Ce relâchement libératoire, qui est le contraire d'un laisser-aller renonçant tout autant que d'un raidissement volontaire, mais procède, par-delà les excitations et stimulations parasites, d'une ouverture au grand flux incitatif qui ne cesse de renouveler le monde, ne va pas sans conditionnement ni maintien physiques. Il appelle à s'inscrire dans le comportemental - ou plutôt il en résulte; c'est même là, on le sait, un point qui démarque le plus ostensiblement l'enseignement du nourrissement vital de 1a philosophie. Quand, dans le Zhaungzi, Dent-ébréchée demande à Porte-vêtement ce qu'il en est de la "voie ", tao, ce dernier 1ui répond aussitôt (chap.22, Guo, p. 737) : " Rectifie ta position, unifie ton regard et l'harmonie du ciel [naturelle] va venir; replie ton intelligence, unifie ton attitude et [la dimension de l'] esprit va t'habiter... ". " Quand la voie résidera en toi, est-il conclu, tes pupilles seront comme celles d'un nouveau-né ", ton regard demeurera naïf, ingénu, non prévenu, et "tu ne seras plus à t'enquérir de la causalité ". Est enfin tari le sempiternel, et épuisant pourquoi des choses.

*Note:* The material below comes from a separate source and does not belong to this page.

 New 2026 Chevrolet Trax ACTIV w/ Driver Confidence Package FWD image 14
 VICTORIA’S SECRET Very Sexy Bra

On sait que, dans les temples zen, un des premiers apprentissages est effectivement de se tenir assis, droit mais sans contrainte, de façon "correcte" mais sans poser: ni raide ni affaissé; sinon, inutile de rester... Plus que tout un discours, la rectification, silencieuse de la position fait entrer d'elle-même dans la juste appréhension. Il suffira de se bien caler, à. même la rigueur du sol, de sorte que se déploie l'" artère dorsale" (du: par où passe la circulation énergétique), mais sans chercher pour autant à se hausser ni avoir à se tendre : se dissolvent alors les obstructions et coagulations intérieures. De par cette "unification de l'attitude" se trouve restauré le lien faisant communiquer dedans et dehors, et le monde se trouve à nouveau " logé " dans le monde, ou les êtres "hébergés dans leur usage", ainsi, que l'a dit Zhuangzi. Se décharge l'appel stressant à donner du sens (à la vie, à la mort, etc.). Le zen ne cesse de renvoyer à la mise en œuvre d'un tel effet, qui est sensation aussi bien qu'idée, et en fait l'appui non équivoque de son enseignement. Dans ce passage-ci, la relaxation aurait même si bien réussi, est-il noté non sans humour (humour tant à l'égard des prescriptions du rituel que des rapports entre Maître et disciple, qu'il faut apprendre à renverser) : Porte-vêtement, n'aurait même pas fini de parler que l'autre, délaissant enfin, les inquisitions fastidieuses de l'intelligence, "s'est profondément endormi … ".